There are some activities that come naturally for most guys. This includes such things as hawking up loogies, distributing noogies and giving wedgies.
Sadly, these talents tend to be of little use when it comes to communicating with human females.
As such, when guys want to convey deep personal feelings we must rely on either the greeting card or the music industry.
Some of the music from back in the day was superb for expressing deep emotions, such as “Hooked On A Feeling,” by Blue Swede, which includes the lyrics, “Ooga-Chaka Ooga-Ooga.”
If hearing those words don’t melt a girl’s heart, nothing will.
Not only do boys lack natural instincts in the field of expressing deep personal emotions, we receive zero training regarding this topic.
It’s like walking into a room that you think will be freshman algebra, but is actually the Supreme Court.

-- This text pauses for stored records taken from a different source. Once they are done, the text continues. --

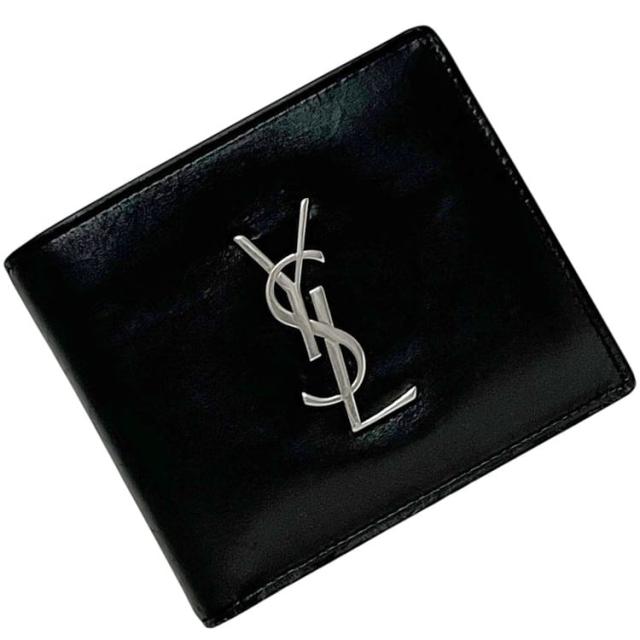 サンローラン 二つ折り 財布 ブラック GBL463249 0918 美品 YSL レザー 中古 SAINT LAURENT PARIS ロゴ金具 黒 折り財布 革財布 箱付き シルバー金具 シンプル 革 メンズ レディース 男女兼用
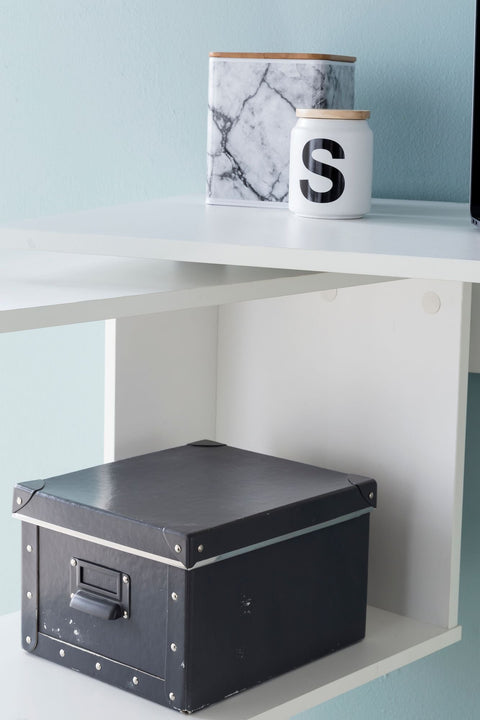 Rootz Eckschreibtisch – Matter Schreibtisch mit drehbarer Ablage – Modernes Design – großes Staufach – Weiß – 119 x 78 x 49 cm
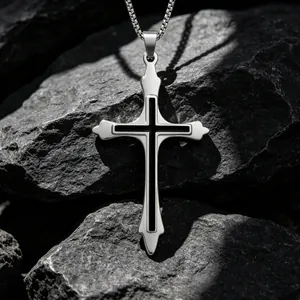 Men Titanium Steel Cross Pendant Necklace With Black Enamel Drip Oil Minimalist Modern Urban Fashion Jewelry For Men Gift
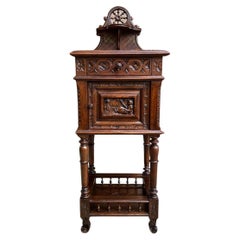 Antique French Nightstand End Table Brittany Breton Marble Carved Oak Cabinet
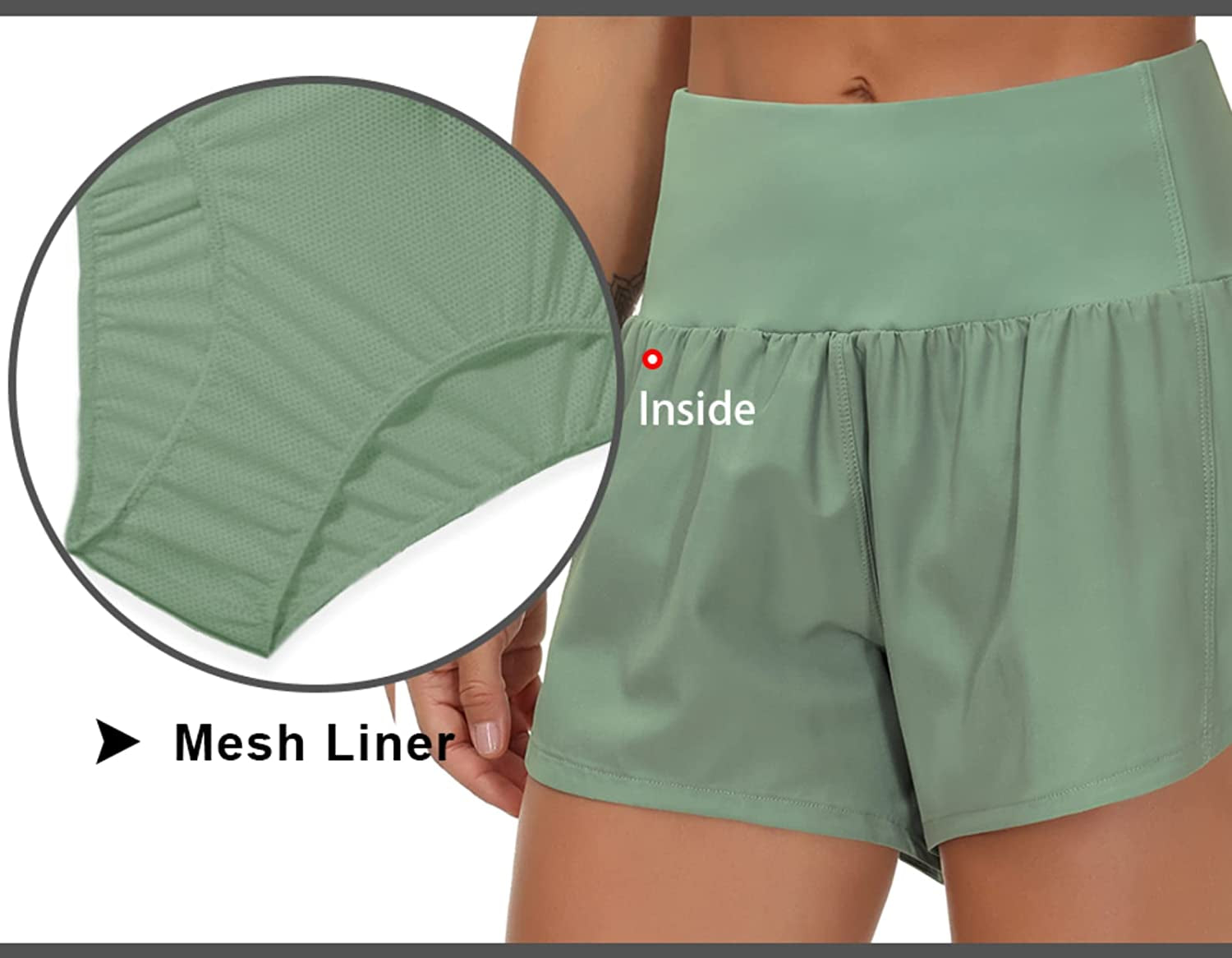 Womens High Waisted Running Shorts Quick Dry Athletic Workout Shorts with Mesh Liner Zipper Pockets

Chief justice: “Explain your position vis-a-vis export quotient derivatives as they affect quantum fluctuations in the ipso facto flux capacitor marketplace.”
You: “Umm … Ooga-Chaka Ooga-Ooga.”
This is pretty much how things go when guys first attempt to talk to girls. It’s not so much that we’re from different planets as we’re from entirely different galaxies located in different dimensions.

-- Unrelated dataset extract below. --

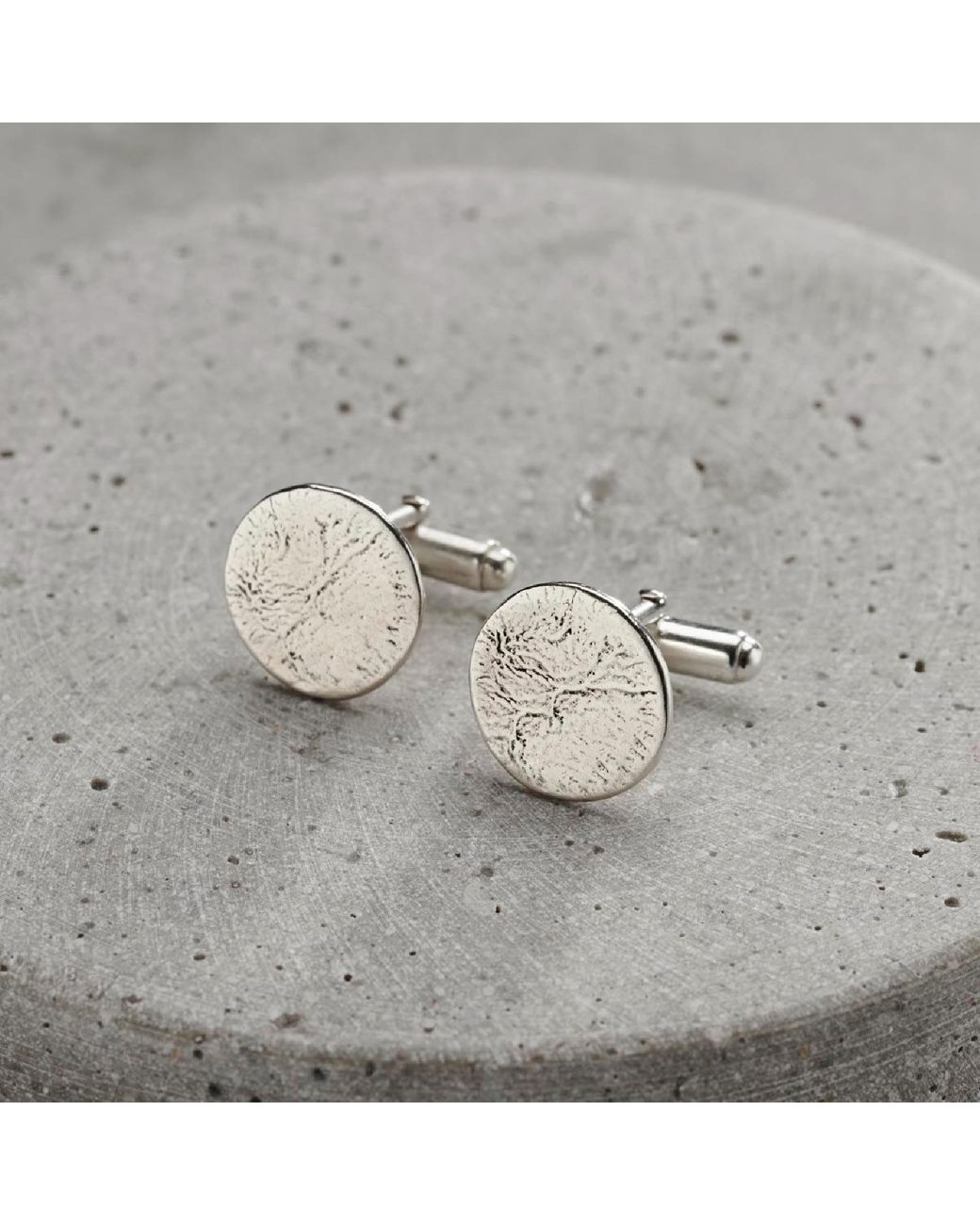 Posh Totty Designs Metallic Sterling Molten Disc Cufflinks for men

This makes it difficult to communicate. It’s even more challenging when you’re someone who, like me, is slow on the uptake.
As with most little boys, I didn’t have much use for girls. Yes, they were fun snowball targets, but not much else. This all changed when we began junior high school.
Girls suddenly became the most fascinating creatures on the planet. I think this is because many of our female classmates had abruptly begun to have figures.
We boys couldn’t figure out how this happened, but not for a lack of trying. That particular topic was all we could talk about.
We wanted to learn more about the girls, but that proved extremely problematic as doing so might involve actually talking to them.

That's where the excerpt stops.